Today’s big banks face multiple challenges. Consumers expect the same sort of digital convenience from their banks as they get from other experiences. Regulators agree, and have made it easier for new entrants such as non-banks to provide people with access
to the financial services and information they want. These disruptors are armed with the cloud-native technologies and mind-set to get to market with new services at breakneck speed.
But one bank’s threat is another’s opportunity. Those that grasp the urgency, and begin migrating now from the old technologies that struggle to enable innovation at pace, will win. Those that don’t will find it harder to compete in this new banking paradigm.
So what sort of platform should banks be using? The answer is a composable one.
Learning the lessons
Banks only need to look at some of the most successful B2B technology companies to understand the value of composability. Think Salesforce for CRM, or ServiceNow for workflow management.
Compare this to the technologies that continue to dominate big banks. The picture here is of dislocated systems procured from multiple vendors, requiring complex integrations (and often more software) to enable process automation and a single view of data.
What’s more, much of this runs on-premise, meaning banks must take on the cost, management and risks of hardware, networking and security.
Faced with such complexity, the temptation for banks is to hold what they have, rather than the costly rewiring needed to add new capabilities.
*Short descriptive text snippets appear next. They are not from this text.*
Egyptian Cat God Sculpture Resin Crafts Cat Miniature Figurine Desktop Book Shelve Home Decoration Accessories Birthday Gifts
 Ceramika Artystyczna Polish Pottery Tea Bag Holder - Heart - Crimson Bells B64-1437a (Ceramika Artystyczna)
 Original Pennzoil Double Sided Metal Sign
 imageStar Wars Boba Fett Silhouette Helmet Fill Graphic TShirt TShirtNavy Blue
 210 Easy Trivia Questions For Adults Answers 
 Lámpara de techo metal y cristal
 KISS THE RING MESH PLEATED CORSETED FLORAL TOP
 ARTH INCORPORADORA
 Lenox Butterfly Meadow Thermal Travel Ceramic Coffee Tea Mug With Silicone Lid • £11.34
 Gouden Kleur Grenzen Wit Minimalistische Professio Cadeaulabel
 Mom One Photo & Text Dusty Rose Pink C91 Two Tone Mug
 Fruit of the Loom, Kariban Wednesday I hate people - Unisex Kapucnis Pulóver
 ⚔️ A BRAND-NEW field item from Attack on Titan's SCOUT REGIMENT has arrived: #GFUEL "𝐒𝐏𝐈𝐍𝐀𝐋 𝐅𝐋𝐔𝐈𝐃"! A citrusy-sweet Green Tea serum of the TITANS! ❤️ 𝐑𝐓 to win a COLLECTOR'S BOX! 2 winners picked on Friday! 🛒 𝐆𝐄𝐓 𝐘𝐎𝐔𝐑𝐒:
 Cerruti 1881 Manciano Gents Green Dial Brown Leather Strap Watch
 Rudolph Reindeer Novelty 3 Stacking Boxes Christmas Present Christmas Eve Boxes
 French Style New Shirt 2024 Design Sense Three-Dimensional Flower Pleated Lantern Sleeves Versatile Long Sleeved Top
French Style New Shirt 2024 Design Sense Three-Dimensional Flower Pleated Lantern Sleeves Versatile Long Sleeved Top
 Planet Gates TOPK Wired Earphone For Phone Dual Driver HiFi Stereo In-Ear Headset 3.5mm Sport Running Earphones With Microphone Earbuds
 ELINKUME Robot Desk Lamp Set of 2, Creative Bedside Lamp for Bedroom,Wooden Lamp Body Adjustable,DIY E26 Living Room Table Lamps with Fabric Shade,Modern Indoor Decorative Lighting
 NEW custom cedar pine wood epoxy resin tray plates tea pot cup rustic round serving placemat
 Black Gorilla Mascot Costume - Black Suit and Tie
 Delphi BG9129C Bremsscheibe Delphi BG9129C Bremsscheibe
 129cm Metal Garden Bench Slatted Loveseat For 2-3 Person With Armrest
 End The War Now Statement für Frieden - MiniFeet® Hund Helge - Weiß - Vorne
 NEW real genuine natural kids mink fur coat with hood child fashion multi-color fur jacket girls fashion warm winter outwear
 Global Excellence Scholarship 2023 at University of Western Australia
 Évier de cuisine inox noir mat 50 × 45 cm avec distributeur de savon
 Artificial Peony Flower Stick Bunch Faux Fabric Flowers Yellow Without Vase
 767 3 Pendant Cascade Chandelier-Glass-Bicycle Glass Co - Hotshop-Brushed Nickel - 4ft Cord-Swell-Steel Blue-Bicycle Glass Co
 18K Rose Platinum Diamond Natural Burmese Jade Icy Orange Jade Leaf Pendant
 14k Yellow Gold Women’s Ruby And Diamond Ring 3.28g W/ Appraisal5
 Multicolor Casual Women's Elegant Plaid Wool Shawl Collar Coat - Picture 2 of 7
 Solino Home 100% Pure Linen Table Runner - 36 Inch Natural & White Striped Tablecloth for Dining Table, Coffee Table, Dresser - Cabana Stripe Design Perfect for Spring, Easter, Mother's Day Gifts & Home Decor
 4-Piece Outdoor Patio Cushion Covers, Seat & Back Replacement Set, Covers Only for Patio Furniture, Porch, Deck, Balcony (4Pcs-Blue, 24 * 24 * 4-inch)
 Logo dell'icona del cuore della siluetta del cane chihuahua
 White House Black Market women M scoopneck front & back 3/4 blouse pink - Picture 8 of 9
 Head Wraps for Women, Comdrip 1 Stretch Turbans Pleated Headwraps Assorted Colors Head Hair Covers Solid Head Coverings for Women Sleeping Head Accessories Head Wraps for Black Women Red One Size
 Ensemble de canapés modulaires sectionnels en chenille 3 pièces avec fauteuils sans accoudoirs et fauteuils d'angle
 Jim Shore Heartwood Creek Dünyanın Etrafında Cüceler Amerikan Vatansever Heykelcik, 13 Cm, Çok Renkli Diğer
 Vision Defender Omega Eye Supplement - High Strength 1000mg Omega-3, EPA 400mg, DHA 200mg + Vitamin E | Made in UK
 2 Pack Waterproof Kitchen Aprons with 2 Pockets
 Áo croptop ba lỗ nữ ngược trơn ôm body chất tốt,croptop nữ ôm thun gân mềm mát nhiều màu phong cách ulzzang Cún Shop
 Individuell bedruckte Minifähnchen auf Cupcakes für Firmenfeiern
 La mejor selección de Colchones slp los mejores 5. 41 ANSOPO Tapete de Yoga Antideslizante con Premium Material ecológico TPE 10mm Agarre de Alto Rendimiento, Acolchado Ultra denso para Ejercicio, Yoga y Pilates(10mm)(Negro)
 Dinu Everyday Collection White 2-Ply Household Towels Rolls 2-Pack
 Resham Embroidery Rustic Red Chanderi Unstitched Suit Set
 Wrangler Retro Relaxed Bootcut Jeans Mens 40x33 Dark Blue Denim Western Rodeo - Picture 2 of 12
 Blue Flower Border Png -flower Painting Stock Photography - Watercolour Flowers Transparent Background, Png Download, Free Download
In other words, the price of innovation outweighs the commercial opportunity, while more nimble players woo customers
with better services and experiences.
Composable banking is also creating opportunities beyond traditional market boundaries. Increasingly, non-banks are getting in on the banking game, directly using composable banking platforms to entice their customers with credit offers, new payment methods,
investment opportunities and wealth management solutions.
But offering ‘embedded finance services directly has limits — regulation and know-how being two of the obvious ones. Banks that can enable merchants to expand their portfolio of ‘embedded finance’ products will take their share of the revenue, and may also
collect new prospects to market their core banking services to.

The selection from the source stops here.